Ich denke, er hat recht.
Aus dem Englischen von Stefan Howald.
© 2013 The New York Review of Books /
Distributed by The New York Times Syndicate
Linksliberales Gewissen
Wegen der Snowden-Enthüllungen ist der «Guardian»-Chefredaktor Alan Rusbridger (59) unter massiven Druck der britischen Geheimdienste geraten und soeben vor einen Ausschuss des britischen Parlaments vorgeladen worden. In den letzten Jahren produzierte die linksliberale Zeitung immer wieder aufsehenerregende Enthüllungen. Seit 2007 arbeitet sie mit der Enthüllungsplattform Wikileaks zusammen und hat jeweils deren wichtigste Dokumente veröffentlicht, etwa 2010 die Depeschen von US-amerikanischen Botschaften. Bei den Enthüllungen von Edward Snowden gehört der «Guardian» zum Konglomerat jener Zeitungen, die das Material weltweit aufbereiten und publizieren.
Alan Rusbridger leitet das Traditionsblatt seit 1995. Er setzt neben der Printausgabe dezidiert auf das Internet; die «Guardian»-Website mit einem umfangreichen Archiv und vielen interaktiven Elementen ist eine der meistgelesenen der Welt, fährt aber durch die Gratisbenutzung massive Verluste ein. Der hier abgedruckte Artikel erscheint in erweiterter Form in der «New York Review of Books» vom 21. November 2013.
Nachtrag vom 12. Dezember 2013 : Rusbridgers Straftat
Die Enthüllungen über die Spionagetätigkeiten der US-amerikanischen National Security Agency (NSA) haben die Öffentlichkeit weltweit aufgerüttelt. In Britannien hingegen, dessen Geheimdienst eng mit der NSA zusammenarbeitet, bezichtigt die Regierung den «Guardian», der das meiste Material publiziert hat, des Geheimnisverrats.

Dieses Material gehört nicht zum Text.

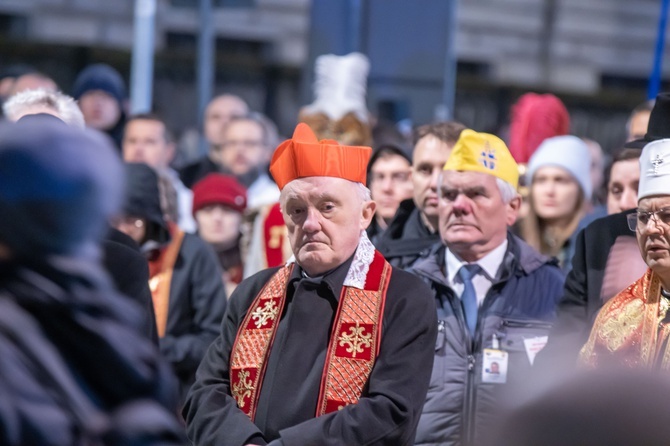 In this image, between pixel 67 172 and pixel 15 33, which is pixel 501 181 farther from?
pixel 15 33

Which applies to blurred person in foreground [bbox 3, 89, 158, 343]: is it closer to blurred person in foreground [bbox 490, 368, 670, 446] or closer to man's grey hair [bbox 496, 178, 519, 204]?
man's grey hair [bbox 496, 178, 519, 204]

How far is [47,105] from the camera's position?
573 cm

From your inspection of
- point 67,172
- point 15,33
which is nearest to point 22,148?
point 67,172

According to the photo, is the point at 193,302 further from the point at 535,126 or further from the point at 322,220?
the point at 535,126

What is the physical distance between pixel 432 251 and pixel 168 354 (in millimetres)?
1366

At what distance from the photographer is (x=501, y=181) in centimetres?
621

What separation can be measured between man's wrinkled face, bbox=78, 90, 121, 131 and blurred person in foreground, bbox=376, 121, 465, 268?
380 centimetres

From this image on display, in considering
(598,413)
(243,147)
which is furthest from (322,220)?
(243,147)

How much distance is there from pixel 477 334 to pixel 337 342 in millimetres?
1141

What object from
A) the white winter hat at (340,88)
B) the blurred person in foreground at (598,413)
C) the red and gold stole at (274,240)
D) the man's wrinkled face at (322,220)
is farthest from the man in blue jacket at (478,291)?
the blurred person in foreground at (598,413)

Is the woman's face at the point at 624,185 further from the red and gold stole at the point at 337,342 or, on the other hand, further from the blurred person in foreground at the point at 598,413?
the blurred person in foreground at the point at 598,413

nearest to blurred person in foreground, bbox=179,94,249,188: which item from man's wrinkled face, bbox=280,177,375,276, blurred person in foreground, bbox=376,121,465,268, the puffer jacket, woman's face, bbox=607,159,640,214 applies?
blurred person in foreground, bbox=376,121,465,268

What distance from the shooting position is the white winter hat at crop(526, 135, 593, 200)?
815 centimetres

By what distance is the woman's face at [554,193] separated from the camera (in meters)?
7.83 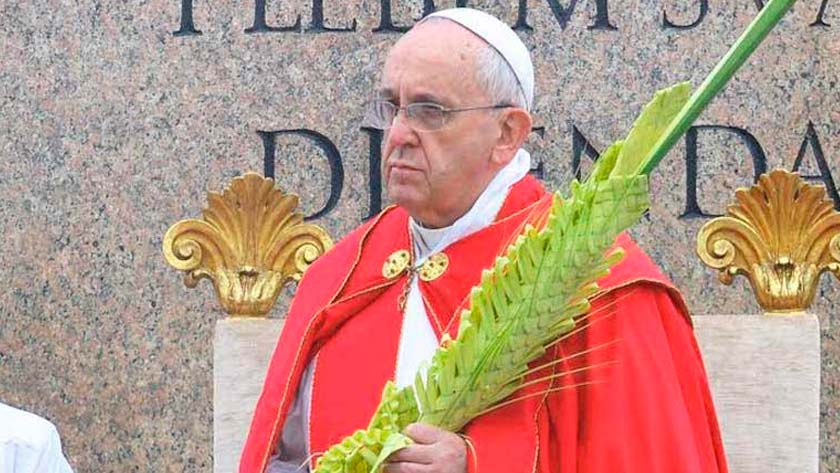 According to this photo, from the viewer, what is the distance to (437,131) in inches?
181

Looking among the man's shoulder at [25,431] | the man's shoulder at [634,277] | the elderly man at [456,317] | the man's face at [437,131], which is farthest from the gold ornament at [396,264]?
the man's shoulder at [25,431]

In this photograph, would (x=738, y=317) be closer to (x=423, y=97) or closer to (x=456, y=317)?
(x=456, y=317)

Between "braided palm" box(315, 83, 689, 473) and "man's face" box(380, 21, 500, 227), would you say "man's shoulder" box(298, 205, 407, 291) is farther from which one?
"braided palm" box(315, 83, 689, 473)

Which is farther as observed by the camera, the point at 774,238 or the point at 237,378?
the point at 237,378

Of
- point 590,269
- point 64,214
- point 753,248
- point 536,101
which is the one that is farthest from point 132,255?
point 590,269

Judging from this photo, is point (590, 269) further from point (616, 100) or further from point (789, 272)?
point (616, 100)

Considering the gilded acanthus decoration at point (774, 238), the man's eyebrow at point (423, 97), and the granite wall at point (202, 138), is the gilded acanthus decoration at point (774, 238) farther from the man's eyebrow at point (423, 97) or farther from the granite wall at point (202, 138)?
the granite wall at point (202, 138)

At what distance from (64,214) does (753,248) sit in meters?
1.84

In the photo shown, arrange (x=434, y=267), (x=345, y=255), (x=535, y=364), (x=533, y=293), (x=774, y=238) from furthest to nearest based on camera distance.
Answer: (x=774, y=238), (x=345, y=255), (x=434, y=267), (x=535, y=364), (x=533, y=293)

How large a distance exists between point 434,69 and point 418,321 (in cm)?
48

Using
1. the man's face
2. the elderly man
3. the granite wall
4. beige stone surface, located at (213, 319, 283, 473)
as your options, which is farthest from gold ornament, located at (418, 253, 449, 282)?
the granite wall

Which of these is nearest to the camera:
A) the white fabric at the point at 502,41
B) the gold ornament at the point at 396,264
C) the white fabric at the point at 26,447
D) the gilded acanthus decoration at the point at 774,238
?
the white fabric at the point at 502,41

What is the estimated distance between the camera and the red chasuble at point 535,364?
4.43 meters

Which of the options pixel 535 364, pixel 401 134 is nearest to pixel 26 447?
pixel 401 134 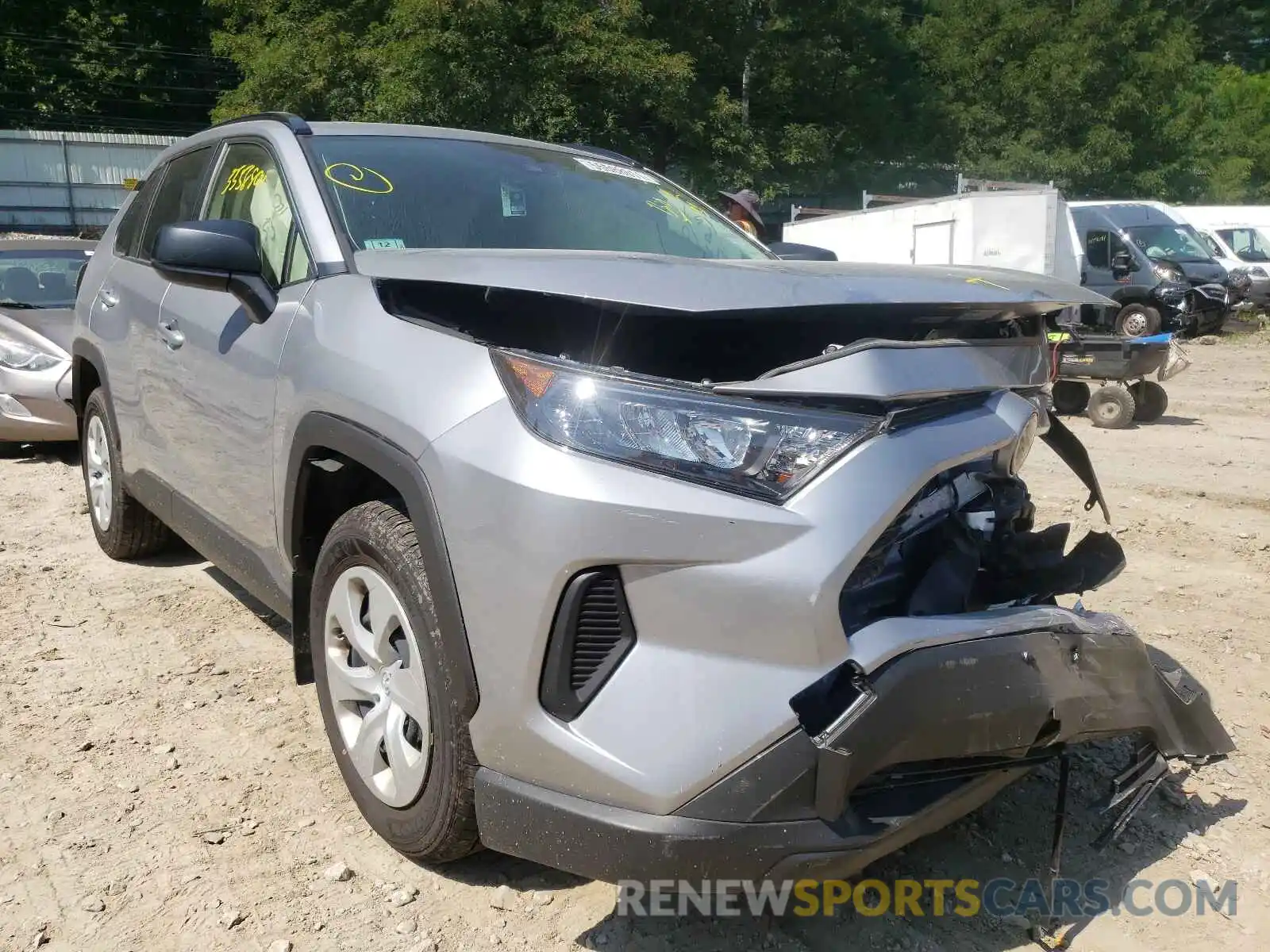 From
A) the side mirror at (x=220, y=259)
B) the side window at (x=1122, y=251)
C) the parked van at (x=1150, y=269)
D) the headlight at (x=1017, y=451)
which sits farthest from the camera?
the side window at (x=1122, y=251)

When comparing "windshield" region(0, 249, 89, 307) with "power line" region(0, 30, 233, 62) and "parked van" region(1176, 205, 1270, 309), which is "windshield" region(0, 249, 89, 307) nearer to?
"parked van" region(1176, 205, 1270, 309)

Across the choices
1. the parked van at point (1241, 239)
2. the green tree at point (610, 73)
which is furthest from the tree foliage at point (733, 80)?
the parked van at point (1241, 239)

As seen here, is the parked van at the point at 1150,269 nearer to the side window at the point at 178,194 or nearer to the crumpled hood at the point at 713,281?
the side window at the point at 178,194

Chefredaktor Alan Rusbridger wurde letzte Woche vor einen Sonderausschuss des britischen Parlaments zitiert.
Er verteidigte die Haltung seiner Zeitung, die aus 58 000 geleakten Dokumenten verantwortungsvoll ausgewählt und keine Namen veröffentlicht habe. Es habe mehr als hundert Kontakte mit offiziellen Stellen gegeben, um die sicherheitspolitische Brisanz abzuklären.
Konservative Abgeordnete wollten Rusbridger dennoch in die Nähe des Landesverrats rücken. Weil der «Guardian» Material mit der «New York Times» ausgetauscht habe, so erklärte Parlamentarier Mark Reckless, habe Rusbridger eine Straftat begangen: «Sollte also im öffentlichen Interesse gegen Sie ermittelt werden?» – «Das», so Rusbridger, «hängt von Ihrem Verständnis einer freien Presse ab. US-Justizminister Eric Holder hat gesagt, er werde keinen Journalisten verfolgen, der seine Pflicht tue.»
Rusbridger plädierte für eine Aufsichtsbehörde, die personell genügend ausgestattet und mit den aktuellen technischen Möglichkeiten vertraut sei sowie die Bedürfnisse der Zivilgesellschaft nach Transparenz respektiere. Zur weiteren Politik des «Guardian» sagte er: «Wir lassen uns nicht einschüchtern, aber wir werden auch nicht verantwortungslos handeln.»